In der Westschweiz dagegen wird alle vier Jahre die «Distinction Romand d’Architecture» verliehen – die mit rund 250 eingereichten Beiträgen fast schon repräsentativ das Schaffen der Region aufzeigt, eine auffallend hohe Akzeptanz geniesst und von den beteiligten Fachleuten als identitätsstiftend empfunden wird.

Ein hoher Grad an öffent­licher Aufmerksamkeit unterstützt zweifellos das Ziel, durch Auszeichnung Baukultur zu fördern. In dieser Hinsicht schneidet der «Goldene Hase» der Zeitschrift «Hochparterre» besonders gut ab. Den prämierten Beträgen ist eine spürbare Resonanz in verschiedenen Medien gewiss. Breiten Kreisen wird damit gezeigt, dass Baukultur beachtens- und förderungswürdig ist. 

SIA als Stimme der Planer

Der SIA mischt mit seiner Auszeichnung «Umsicht – Regards – Sguardi» ebenfalls erfolgreich mit.
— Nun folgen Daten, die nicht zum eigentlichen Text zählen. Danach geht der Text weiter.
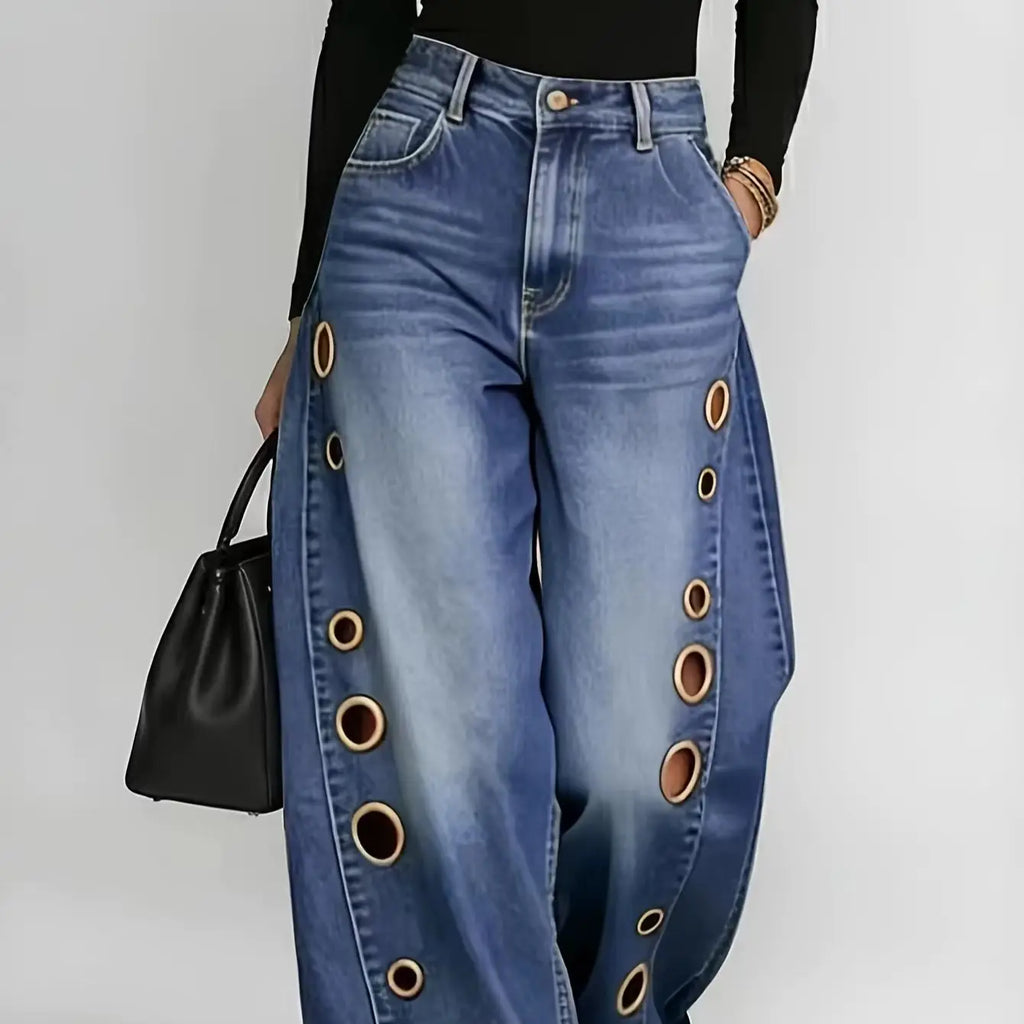 High Waist Wide Leg Denim Jeans with Metal Eyelet Detail Relaxed Streetwear Fit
Beurteilungskriterien sind dabei nicht so sehr architektonische Prägnanz und Qualität, sondern vielmehr das interdisziplinäre Zusammenspiel der Planer und eine langfristige Wertigkeit ihres Projekts. Der für alle bau- und landschaftsbezogenen Planungssparten offene Preis lädt das gesamte Spektrum der im SIA vertreten Planer zur Teilnahme ­ein, darunter viele Disziplinen, für die es bisher praktisch keine Auszeichnungen gab. Die Auszeichnung wird ­im Frühjahr 2017 zum vierten Mal Beiträge für eine «zukunftsfähigen ­Gestaltung unseres Lebensraums» würdigen. 2015 erntete die Auslandstournee der dritten Ausgabe viel positives Feedback.

Der SIA ­arbeitet daran, die Resonanz des noch jungen Preises auch innerhalb der Schweiz weiter zu verstärken. Mit rund 16 000 Mitgliedern stellt der SIA eine starke und kompetente Stimme in der Baukultur dar. Er muss sich weiterhin dafür einsetzen, die Idee und den Anspruch dieses ganzheitlich konzipierten, in dieser Form wohl einmaligen Preises nach aussen zu tragen, um damit der Baukultur sowie der interdisziplinären Arbeit des Vereins das notwendige Gewicht zu verleihen. 

Auch ein klassischer, nationaler Architekturpreis des SIA ist im Gespräch. Die Diskussion über ein sinnvolles Format, das insbesondere eine starke öffentliche Resonanz verspricht, wird auf verschiedenen Ebenen des Vereins geführt und ist noch nicht abgeschlossen.